Transcription des œuvres chorégraphiques à l’aide de signes conventionnels.


Jusqu’au xviiie et même au xixe s., la chorégraphie reste l’art d’écrire la danse. Ensuite s’installe une ambiguïté qui conserve au terme son sens initial et lui en ajoute un second, qui prévaut actuellement puisque de nos jours une chorégraphie est l’œuvre chorégraphique elle-même. Le chorégraphe n’est plus celui qui transcrit un ballet, mais celui qui le compose. Ainsi, différencie-t-on chorégraphie et écriture de la danse, chorégraphe, compositeur de ballet et notateur.


Le passé chorégraphique

Pendant de longs siècles, seule la tradition orale a permis aux danses et à la danse de survivre. Hormis les « livres » ou livrets qui expliquaient certains grands divertissements de cour ou qui décrivaient succinctement les danses de l’époque, il ne reste rien. La danse, art du mouvement, est le plus éphémère de tous les arts. Le danseur en a conscience et plus encore le chorégraphe. La danse n’a pas de « passé écrit », ou très peu. La photographie fixe une attitude, emprisonne un jeu de lumière ou une expression, retient un « temps » dans l’espace. De récentes expériences photographiques apportent un élément nouveau : l’illusion du mouvement dans un « flou » plus artistique qu’indicateur de geste, encore moins de pas. Le cinéma seul restitue l’ensemble d’une œuvre. Mais sa lecture décomposée pour retrouver chaque pas, chaque enchaînement est un travail long et ingrat.

Œuvre scénique et visuelle, une chorégraphie ne peut être vue — ou revue — que lorsqu’une troupe l’inscrit à l’un de ses programmes. À aucun autre moment, on ne peut retrouver une œuvre chorégraphique, tandis qu’une pièce de théâtre qui n’est plus jouée a pu être imprimée, une symphonie enregistrée et transcrite.

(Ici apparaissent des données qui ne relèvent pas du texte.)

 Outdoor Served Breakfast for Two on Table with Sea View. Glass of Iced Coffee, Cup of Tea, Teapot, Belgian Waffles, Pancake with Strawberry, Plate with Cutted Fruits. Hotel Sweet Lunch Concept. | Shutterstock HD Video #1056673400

Tous les systèmes inventés dans les siècles passés, en dépit de leur ingéniosité, n’en étaient pas moins incomplets et impraticables pour la transcription de grandes œuvres chorégraphiques. La tradition orale elle aussi est insuffisante. À chacun manque cette rigueur qui donne la précision et préserve des modifications inévitables. Seule une écriture claire, complète, logique, étayée par les portées musicales pouvait satisfaire cette nécessité de préserver de l’oubli et respecter les constructions rythmiques, chorégraphiques et spatiales que représentent une danse, un ballet.

Le Centre national de l’écriture du mouvement

Créé en 1958 par Théodore d’Erlanger (1888-1971), fondateur de l’École supérieure d’études chorégraphiques, ce centre a pour but l’enseignement et la vulgarisation de la notation chorégraphique (en particulier le système de Laban) ainsi que la formation des notateurs professionnels.

La notation chorégraphique est une connaissance nécessaire au chorégraphe qui veut transcrire ses compositions, au maître de ballet qui remonte les œuvres ainsi conservées, au danseur qui pourrait étudier ses rôles grâce aux cinétogrammes (partitions musicales avec transcriptions chorégraphiques).


La notation

Massine*, si lorsqu’il travaille donne l’impression de ne prendre que des notes hâtives, utilise pourtant pour transcrire ses ballets le système élaboré par le danseur Vladimir Stepanov (1866-1896) en 1891, publié à Paris (l’Alphabet des mouvements du corps humain, 1892) et qui servit à Nikolaï Sergueïev (1876-1951) à noter la plupart des ballets de Marius Petipa*. Konstantine Sergueïev (né en 1910) a lui-même largement fait appel à ces transcriptions pour remonter au Kirov de Leningrad les œuvres de Petipa (la Belle au bois dormant). En s’inspirant de ce même système, Vaslav Nijinski (V. Ballets russes) nota la chorégraphie de son Après-Midi d’un faune.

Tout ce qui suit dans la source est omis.